Malware, singkatan dari “malicious software”, mengacu pada perangkat lunak, kode, atau program komputer apa pun yang sengaja dirancang untuk membahayakan sistem komputer atau penggunanya. Hampir setiap serangan siber modern melibatkan beberapa jenis malware. Tingkat keparahan semua program berbahaya ini dapat berkisar dari sangat merusak dan mahal (ransomware) hingga yang hanya mengganggu tetapi tidak berbahaya (adware).
Setiap tahun terjadi miliaran serangan malware pada bisnis dan individu. Malware dapat menginfeksi semua jenis perangkat atau sistem operasi termasuk Windows, Mac, iPhone, dan Android.
Penjahat siber mengembangkan dan menggunakan malware untuk:
- Menyandera perangkat, data, atau jaringan perusahaan untuk mendapatkan uang dalam jumlah besar
- Mendapatkan akses tidak sah ke data sensitif atau aset digital
- Mencuri kredensial login, nomor kartu kredit, kekayaan intelektual, informasi identifikasi pribadi (PII) atau informasi berharga lainnya
- Mengganggu sistem kritis yang diandalkan oleh bisnis dan lembaga pemerintah
Meskipun istilah-istilah ini sering digunakan secara bergantian tidak semua jenis malware selalu merupakan virus. Malware adalah istilah umum yang menggambarkan berbagai jenis ancaman seperti:
Virus: Virus komputer didefinisikan sebagai program berbahaya yang tidak dapat bereplikasi tanpa interaksi manusia, baik melalui mengklik tautan, mengunduh lampiran, meluncurkan aplikasi tertentu, atau berbagai tindakan lainnya.
Worm: Pada dasarnya, worm adalah virus yang dapat mereplikasi diri sendiri, dan tidak membutuhkan interaksi manusia untuk menyebar, masuk ke dalam sistem komputer yang berbeda dan berpindah-pindah antar perangkat.
Botnet: Jaringan komputer yang terinfeksi di bawah kendali penyerang tunggal yang dikenal sebagai “penggembala bot” yang bekerja bersama secara serempak.
Ransomware: Salah satu jenis malware yang paling berbahaya, serangan ransomware mengendalikan sistem komputer yang penting atau data sensitif, mengunci pengguna dan meminta tebusan yang sangat tinggi dalam mata uang kripto seperti Bitcoin untuk mendapatkan akses kembali. Ransomware tetap menjadi salah satu jenis ancaman siber paling berbahaya saat ini.

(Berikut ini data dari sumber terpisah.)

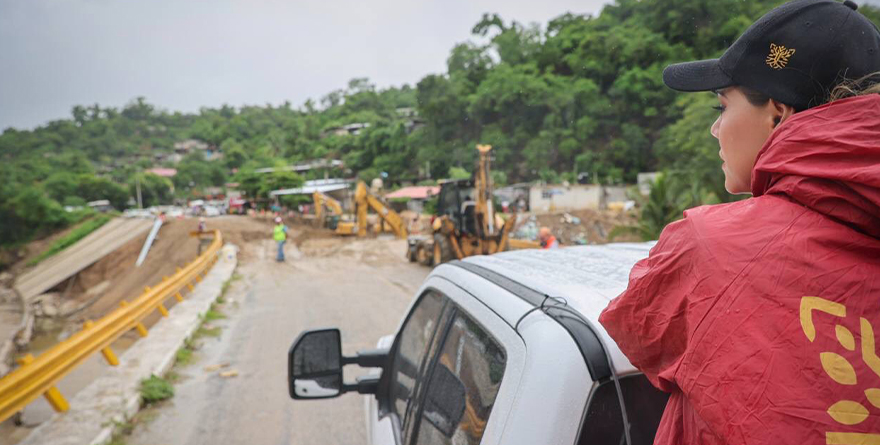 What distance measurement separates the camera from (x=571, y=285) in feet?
5.33

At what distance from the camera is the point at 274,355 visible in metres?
7.08

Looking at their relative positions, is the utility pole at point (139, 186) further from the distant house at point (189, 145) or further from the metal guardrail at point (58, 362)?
the metal guardrail at point (58, 362)

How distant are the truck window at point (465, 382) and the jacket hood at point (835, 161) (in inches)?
31.5

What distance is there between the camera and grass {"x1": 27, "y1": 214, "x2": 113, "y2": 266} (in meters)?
34.6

Ransomware Multi-extortion: Seolah-olah serangan ransomware tidak cukup mengancam, ransomware multi-pemerasan menambahkan lapisan tambahan untuk menyebabkan kerusakan lebih lanjut atau menambah tekanan ekstra bagi korban untuk menyerah. Dalam kasus serangan ransomware double-extortion, malware tidak hanya digunakan untuk mengenkripsi data korban tetapi juga mengeksfiltrasi file sensitif, seperti informasi pelanggan, dengan ancaman untuk dirilis ke publik. Serangan triple-extortion bahkan lebih jauh lagi, dengan ancaman untuk mengganggu sistem penting atau memperluas serangan destruktif ke pelanggan atau kontak korban.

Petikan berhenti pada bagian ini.